Explanation of Responses:

* If the form is filed by more than one reporting person, see Instruction 4(b)(v).
** Intentional misstatements or omissions of facts constitute Federal Criminal Violations. See 18 U.S.C. 1001 and 15 U.S.C. 78ff(a).
(1) The Issuer's Series A Convertible Preferred Stock (the "Series A Preferred") and Series B Convertible B Preferred Stock (the "Series B Preferred") automatically converted into shares of its Common Stock (the "Common Stock") at a conversion rate of 1.5 shares of Common Stock per share of Series A Preferred Stock and Series B Preferred Stock, which reflected the 1-for-1.5 forward stock split of the Common Stock that was effected by the Issuer on June 28, 2010. The Reporting Person was deemed to beneficially own (A) 750,000 shares of Series A Preferred Stock and (B) 201,470 shares of Series B Preferred Stock, which automatically converted into (A) 1,125,000 shares of Common Stock and (B) 302,205 shares of Common Stock upon the closing of the Issuer's qualified initial public offering, as defined in the Issuer's certificate of incorporation, as amended through July 12, 2010.
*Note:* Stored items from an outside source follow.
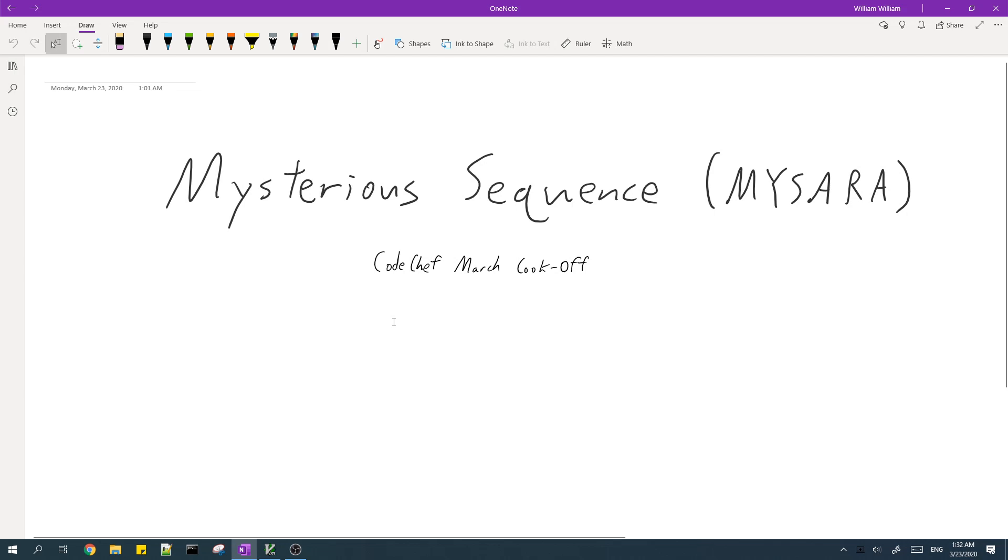Hey guys, in this video I'll be going over the solution to mysterious array from Codeforces March Codeforces.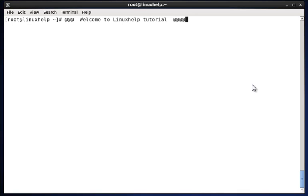Hello, welcome to Linux Help Tutorial. Today we can see how to install Java JDK and JRE packages in Linux operating system.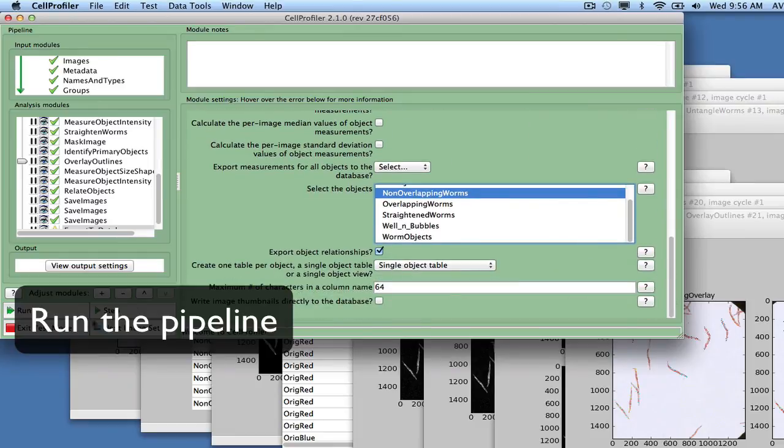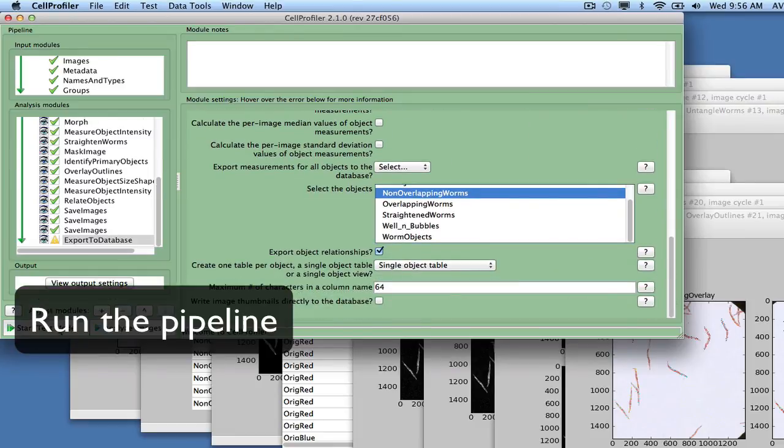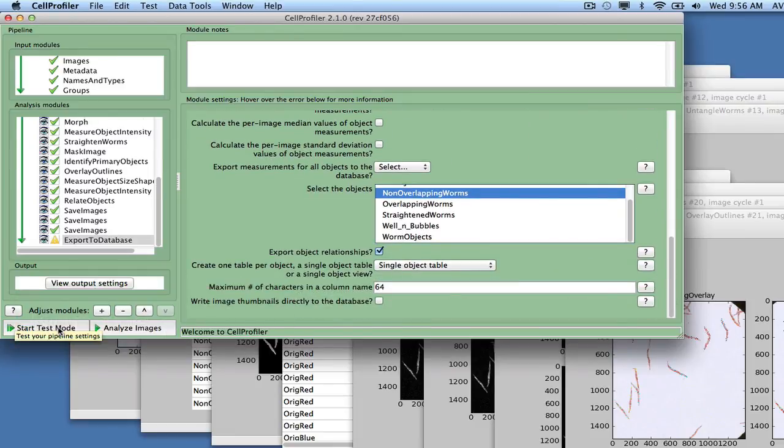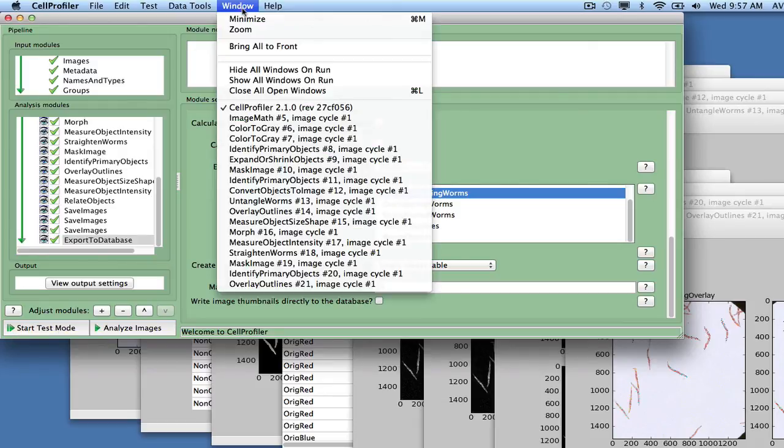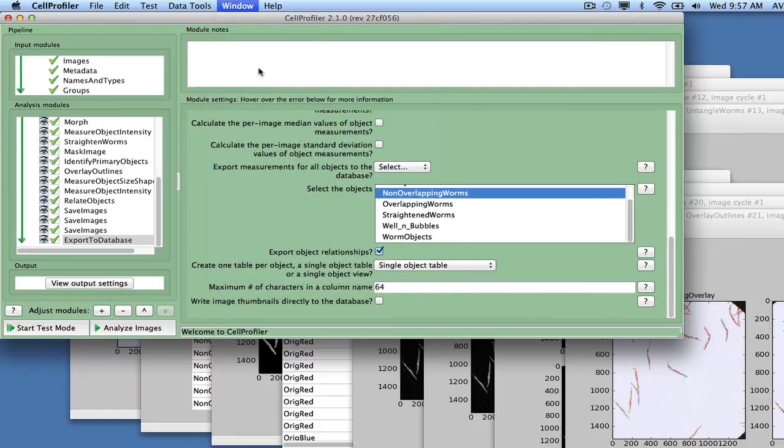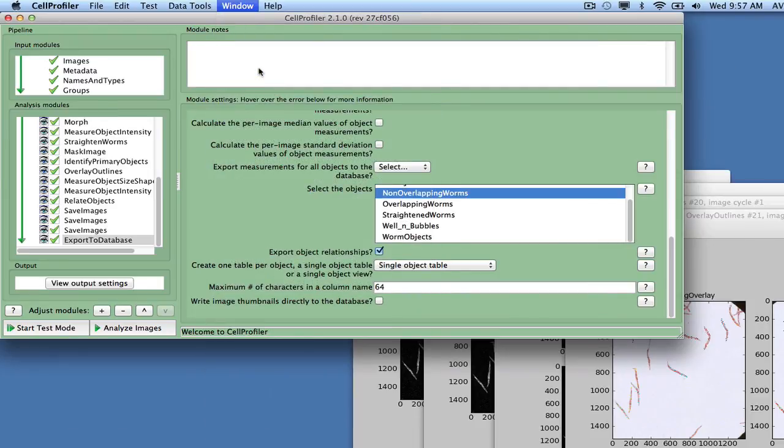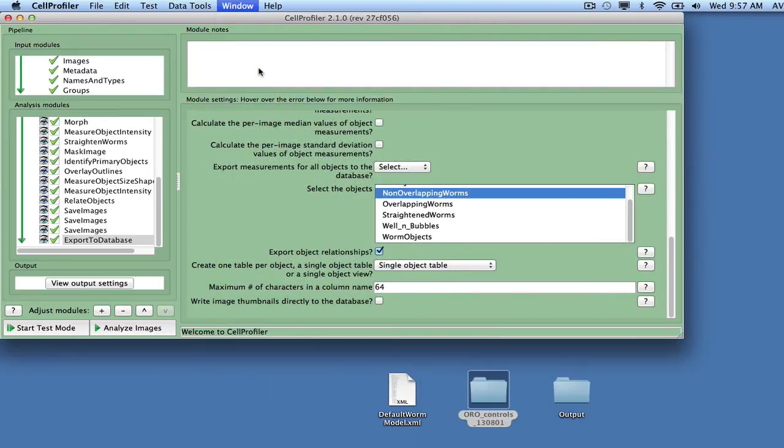Your pipeline is now complete, so exit test mode by pressing the Exit Test Mode button. Since we have finished previewing the results, the display windows can be optionally closed to save time and memory during the analysis run. Select Hide all windows on run from the Window menu item to close all the display windows and have them remain closed during the analysis run.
(2) These shares are held by Torque Investments, LLC. Torque Investments, LLC is 99.0% owned by the William M. Budinger Revocable Trust and 1.0% owned by Sunnyside Investments, Inc. Mr. Budinger is the sole trustee of the trust and the President of Sunnyside Investments, Inc. and has voting and investment power over all the shares held by Torque Investments, LLC, and may be deemed, for purposes of Section 16 of the Securities Exchange Act of 1934, as amended ("Section 16"), to be the indirect beneficial owner of the Series A Preferred Stock and Series B Preferred Stock as converted into Common Stock that are the subject of this report (collectively, the "Issuer Securities"). The Reporting Person disclaims beneficial ownership of the Issuer Securities except to the extent of his pecuniary interest therein, and this report shall not be deemed an admission that the Reporting Person is the beneficial owner of such securities for purposes of Section 16 or any other purpose.
(3) These securities were exercisable immediately.
(4) These shares did not have an expiration date.
 
Remarks:
Mr. William M. Budinger has resigned as Director of the Issuer, effective as of July 21, 2010, the closing date of the Issuer's initial public offering, and is thereby no longer subject to Section 16 reporting requirements with respect to the Issuer's securities.